→ TASK PROMPT:
All records below are to be duplicated exactly, with every picture excluded.
*** Block opens ***
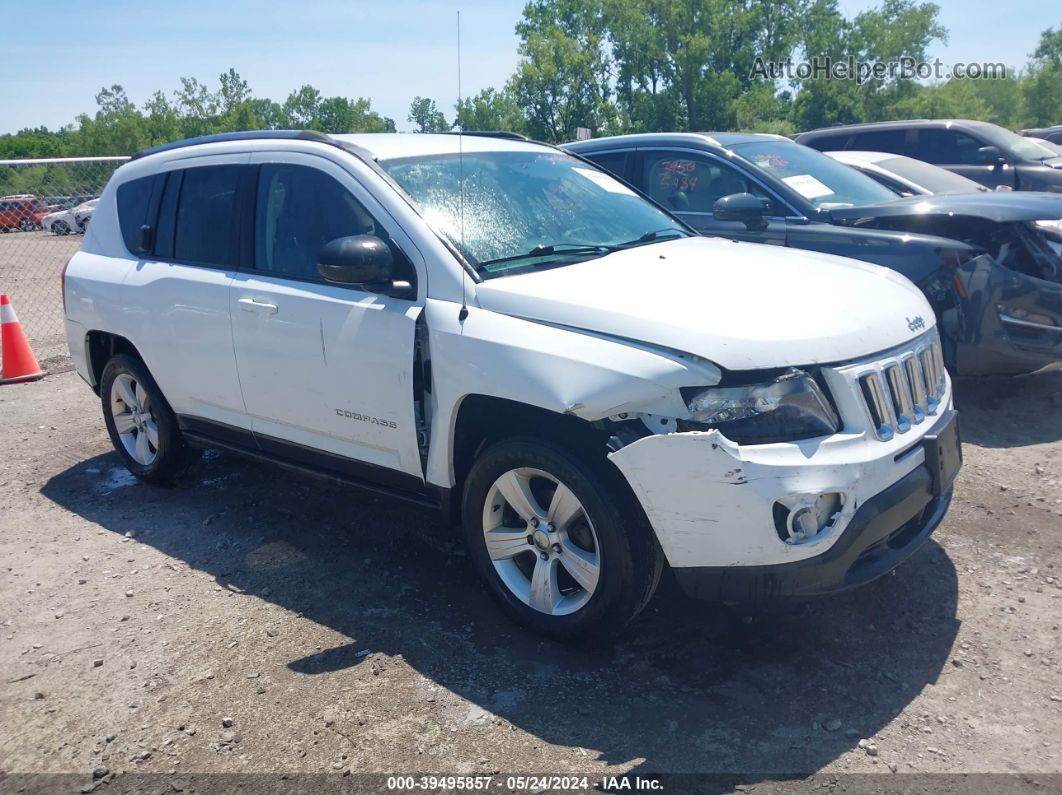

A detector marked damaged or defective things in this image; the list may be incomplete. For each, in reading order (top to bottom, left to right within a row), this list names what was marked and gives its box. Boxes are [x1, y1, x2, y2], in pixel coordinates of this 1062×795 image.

broken headlight [684, 370, 844, 444]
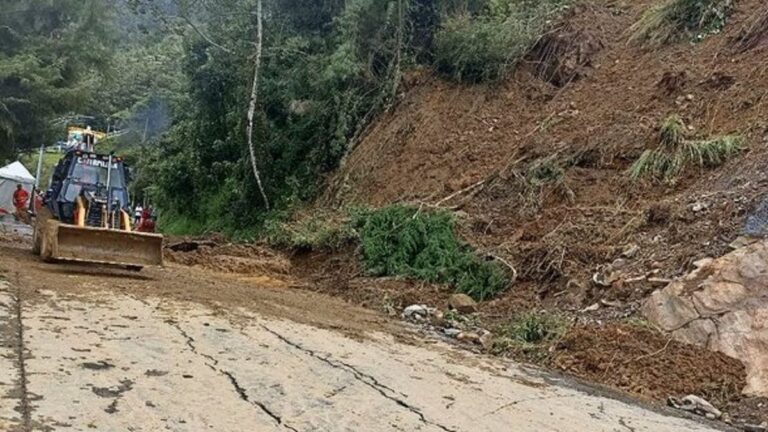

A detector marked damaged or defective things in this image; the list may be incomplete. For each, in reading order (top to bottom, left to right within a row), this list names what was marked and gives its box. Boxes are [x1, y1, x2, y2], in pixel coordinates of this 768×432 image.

cracked asphalt road [0, 236, 728, 432]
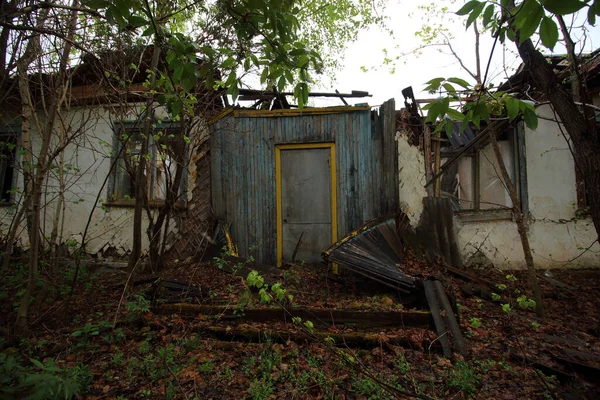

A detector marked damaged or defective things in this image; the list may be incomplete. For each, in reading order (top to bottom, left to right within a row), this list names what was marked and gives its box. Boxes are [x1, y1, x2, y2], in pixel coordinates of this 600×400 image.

broken window [0, 129, 17, 203]
broken window [109, 122, 186, 205]
broken window [438, 125, 524, 212]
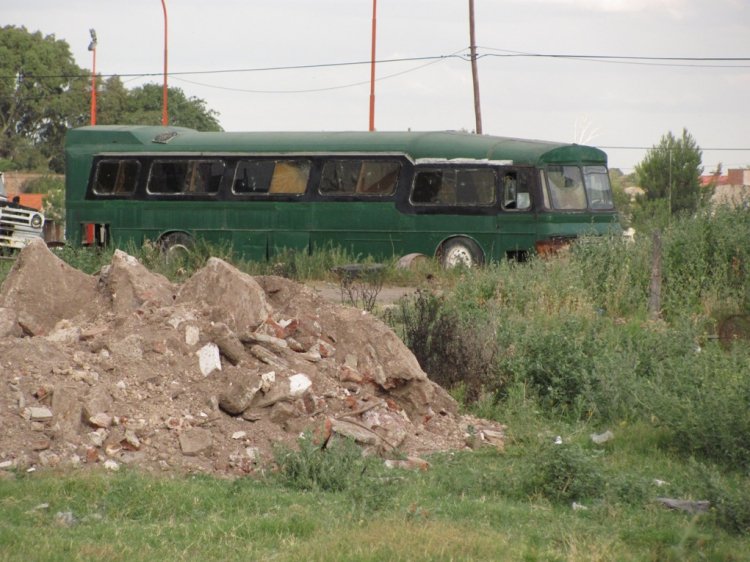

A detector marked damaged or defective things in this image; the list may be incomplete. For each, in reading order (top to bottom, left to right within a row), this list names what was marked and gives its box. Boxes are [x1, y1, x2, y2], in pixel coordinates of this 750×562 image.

abandoned bus [64, 126, 620, 266]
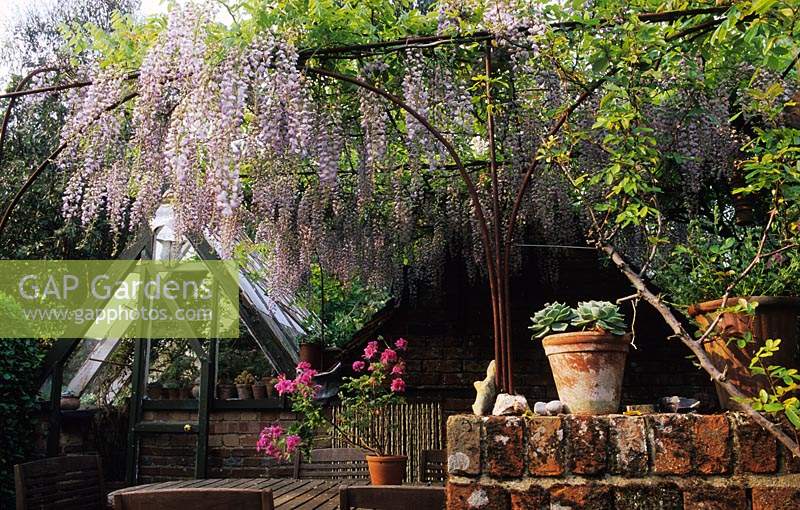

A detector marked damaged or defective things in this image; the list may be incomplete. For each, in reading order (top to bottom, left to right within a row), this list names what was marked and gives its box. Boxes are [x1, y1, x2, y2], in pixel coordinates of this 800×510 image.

rusted metal frame [304, 63, 500, 386]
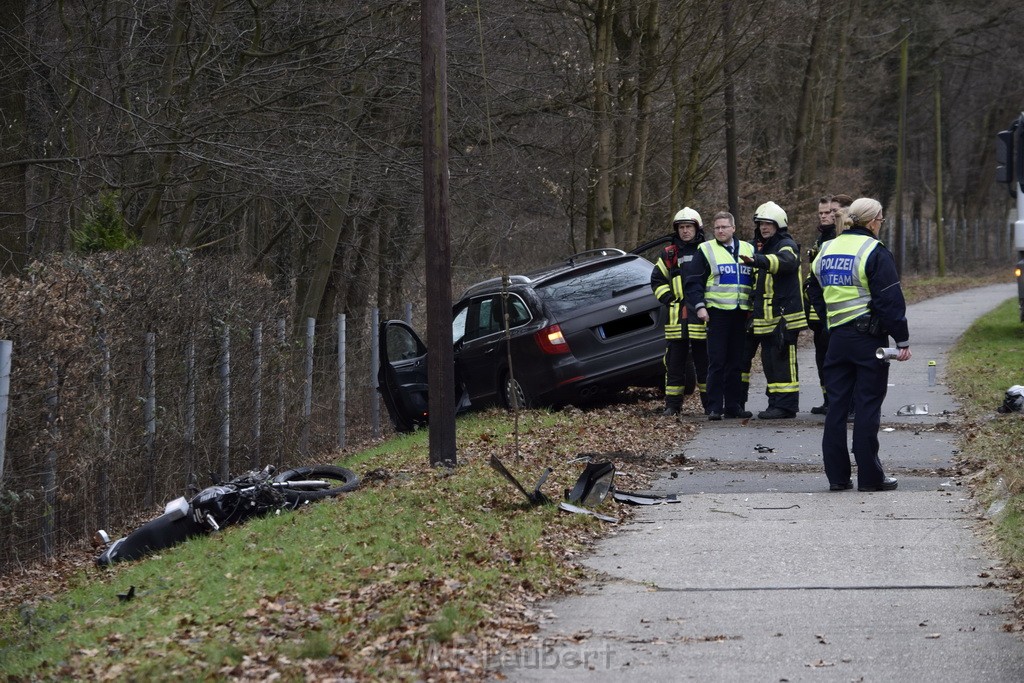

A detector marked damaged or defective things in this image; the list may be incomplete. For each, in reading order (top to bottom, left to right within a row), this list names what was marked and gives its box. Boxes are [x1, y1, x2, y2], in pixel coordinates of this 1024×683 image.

crashed dark station wagon [380, 250, 667, 432]
crashed motorcycle [96, 464, 360, 565]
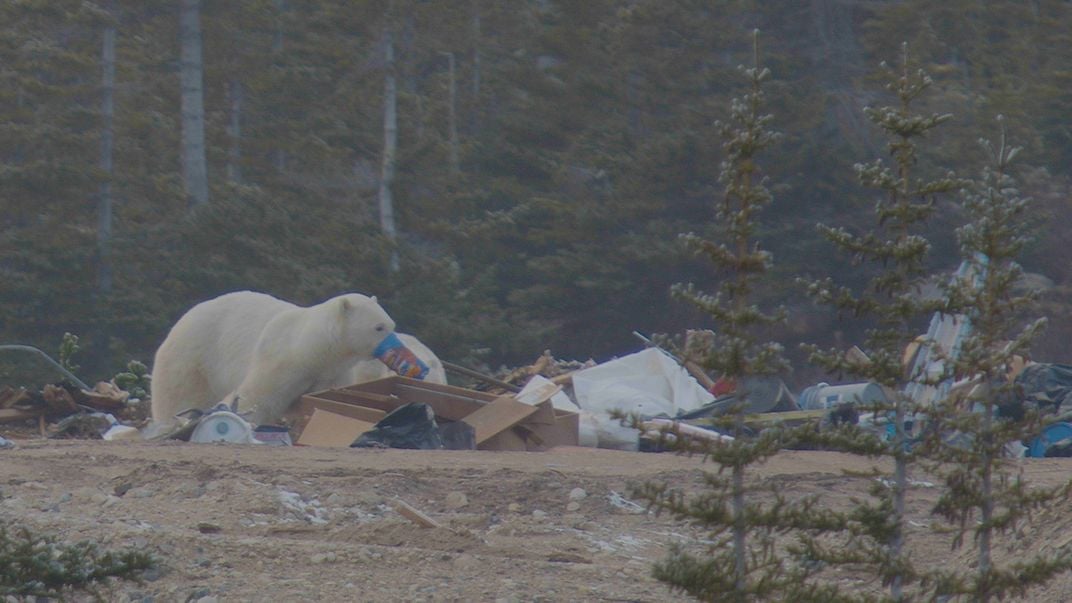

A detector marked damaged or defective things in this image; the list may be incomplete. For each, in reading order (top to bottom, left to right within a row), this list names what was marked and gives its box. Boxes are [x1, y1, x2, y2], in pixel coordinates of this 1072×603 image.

broken wood plank [462, 394, 540, 446]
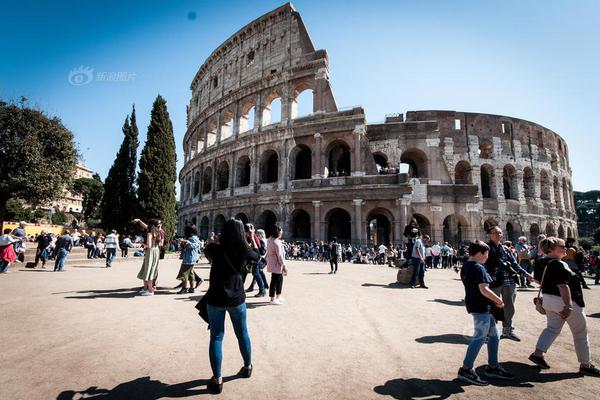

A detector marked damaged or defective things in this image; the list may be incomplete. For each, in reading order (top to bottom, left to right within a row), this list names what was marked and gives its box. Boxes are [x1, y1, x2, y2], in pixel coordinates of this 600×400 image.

damaged upper wall [188, 1, 336, 126]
*** Block closes ***
→ TASK ANSWER:
A detector marked damaged or defective things in this image; the list may be incomplete. For each, in reading order (top to bottom, left to right within a row), this list names what was marked and gives its box. Boxes are [x1, y1, x2, y2], in pixel coordinates of this 1062×795 image.

broken headlight [684, 370, 844, 444]

A detector marked damaged or defective things in this image; the list may be incomplete. For each, in reading order (top to bottom, left to right within a row), this list names what was marked and gives its box. Boxes are [x1, y1, x2, y2], in pixel coordinates of this 768×432 image.

cracked asphalt road [0, 236, 728, 432]

A detector marked damaged or defective things in this image; the list may be incomplete. For each, in reading order (top to bottom, left to right within a row), this list names what was marked and gives its box. Boxes are [x1, y1, x2, y2], in pixel coordinates of this 600×400 image.

broken window [0, 129, 17, 203]
broken window [109, 122, 186, 205]
broken window [438, 125, 524, 212]

A detector marked damaged or defective things in this image; the list may be incomplete. For each, in reading order (top to bottom, left to right within a row), this list names what was marked and gives its box. Boxes are [x1, y1, x2, y2], in pixel coordinates of this 750×562 image.

abandoned bus [64, 126, 620, 266]

A detector marked damaged or defective things in this image; the list may be incomplete. For each, in reading order (top to bottom, left to right within a row), this list names what was marked and gives its box. Boxes are [x1, y1, x2, y2], in pixel coordinates of this 800×510 image.

rusted metal frame [304, 63, 500, 386]

A detector marked damaged or defective things in this image; the list may be incomplete. For each, in reading order (top to bottom, left to right within a row), this list names what was marked and gives its box. Boxes are [x1, y1, x2, y2], in pixel coordinates of this 1024×683 image.

crashed dark station wagon [380, 250, 667, 432]
crashed motorcycle [96, 464, 360, 565]

A detector marked damaged or defective things in this image; the list may be incomplete. For each, in reading order (top to bottom, left to right within a row), this list names what was marked and gives its box. Boxes are [x1, y1, x2, y2], in pixel coordinates of this 1072×603 image.

broken wood plank [462, 394, 540, 446]

A detector marked damaged or defective things in this image; the list may be incomplete. For each, in reading order (top to bottom, left to right within a row), this list names what was marked and gives its box. Boxes are [x1, y1, x2, y2], in pixel coordinates of this 600×400 image.

damaged upper wall [188, 1, 336, 126]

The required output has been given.